How would you teach the concept of stress to a 5-year-old?
Today our 5yo son was having trouble listening and following directions to get prepped to go sledding with our friends.
My wife asked if he felt stressed and decided to show him what that meant.
She went to the sink and grabbed a glass.
She said, "What's this?"
He knew. "A glass."
"That's right. And if I'm mad that my sister did something to me, I might fill it up a little."
She proceeds to fill it up about 1/4 of the way.
She continues. "And then, if mama tells me to do something and I don't want to..."
She fills it more, this time closer to the top.
"And then... even little things, like your socks not feeling good..."
She continues filling it until the cup starts to overflow.
"What happens then?"
He knows. "It overflows."
"That's right! That's what stress means. Sometimes when things we don't like happen again and again and we don't relax our body, it builds up. That's when even little things can make our bodies overflow. Do you understand what I'm trying to teach you?"

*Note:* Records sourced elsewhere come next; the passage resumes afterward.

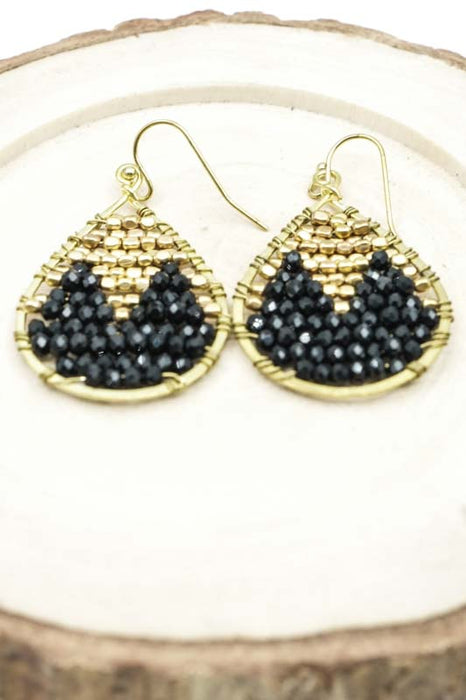 Earrings Glass Beads Teardrop Shape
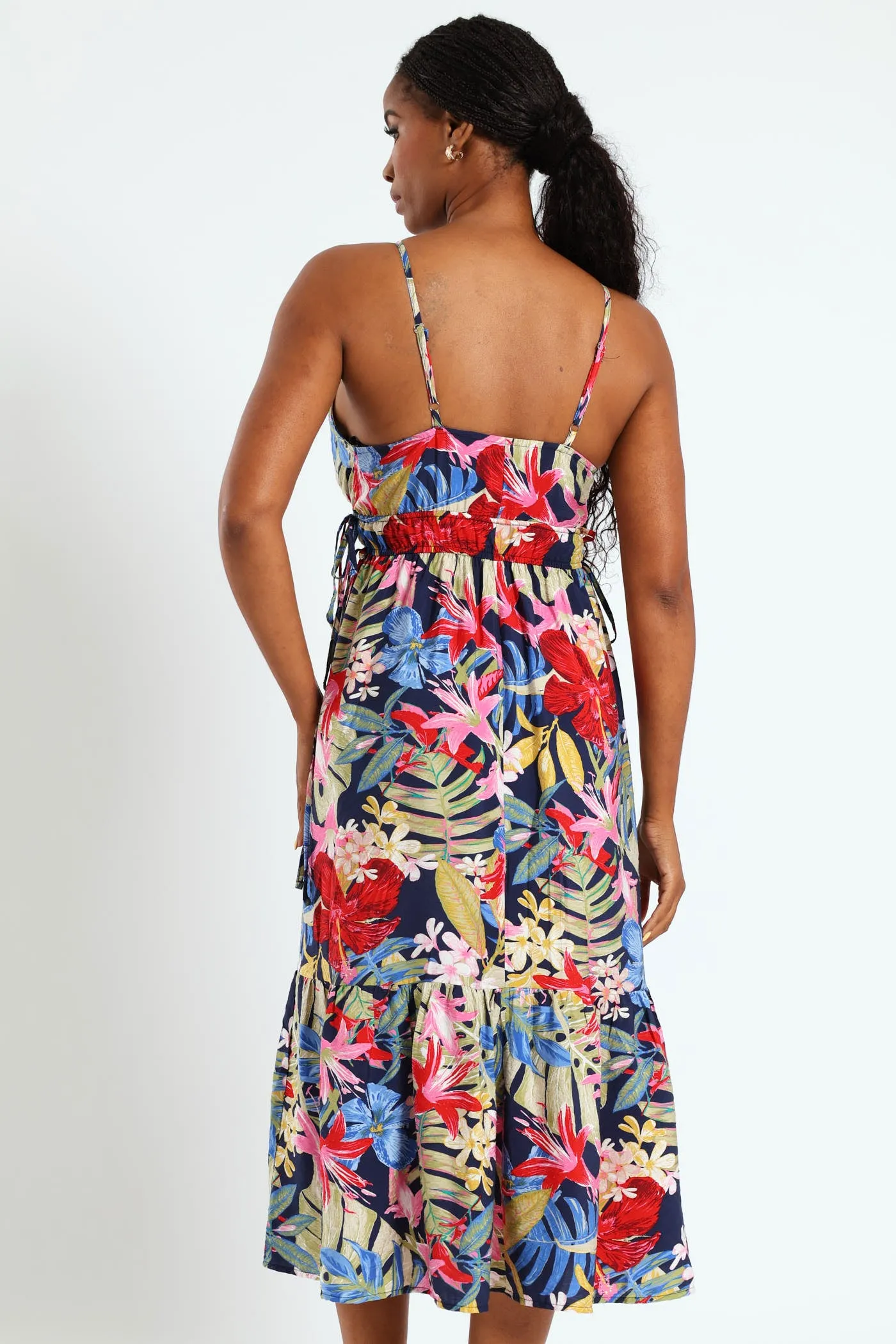 Strappy Double Drawstring Detail Frill Hem Midi Dress sold by Edgars product image thumbnail 4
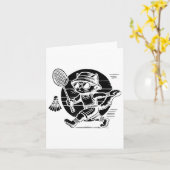 Grappige Badmintonspeler Love Shuttle Design 6 Kaart (Gele Bloem)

Later as we were leaving, his sister is having a fit.
He perks up:
"I think her cup is overflowing."
He was able to take that new connection and use it to explain what was happening in the world.
My wife could have explained stress in more abstract terms but she didn't, she created a learning experience. She used a metaphor that turned the idea of stress into something clear and concrete that a 5-year-old could comprehend.
When you're teaching a concept to your audience, you need to meet them where they're at – it's not about showcasing how much of an expert you are.
Instead, designing learning experiences means being human-centered. In this case, it meant simplifying a complex concept and visualizing it so a 5-year-old could comprehend. Describing a concept using a visual metaphor creates a picture in the learner's mind. When they experience the concept in action, that picture shows up and they can recognize it.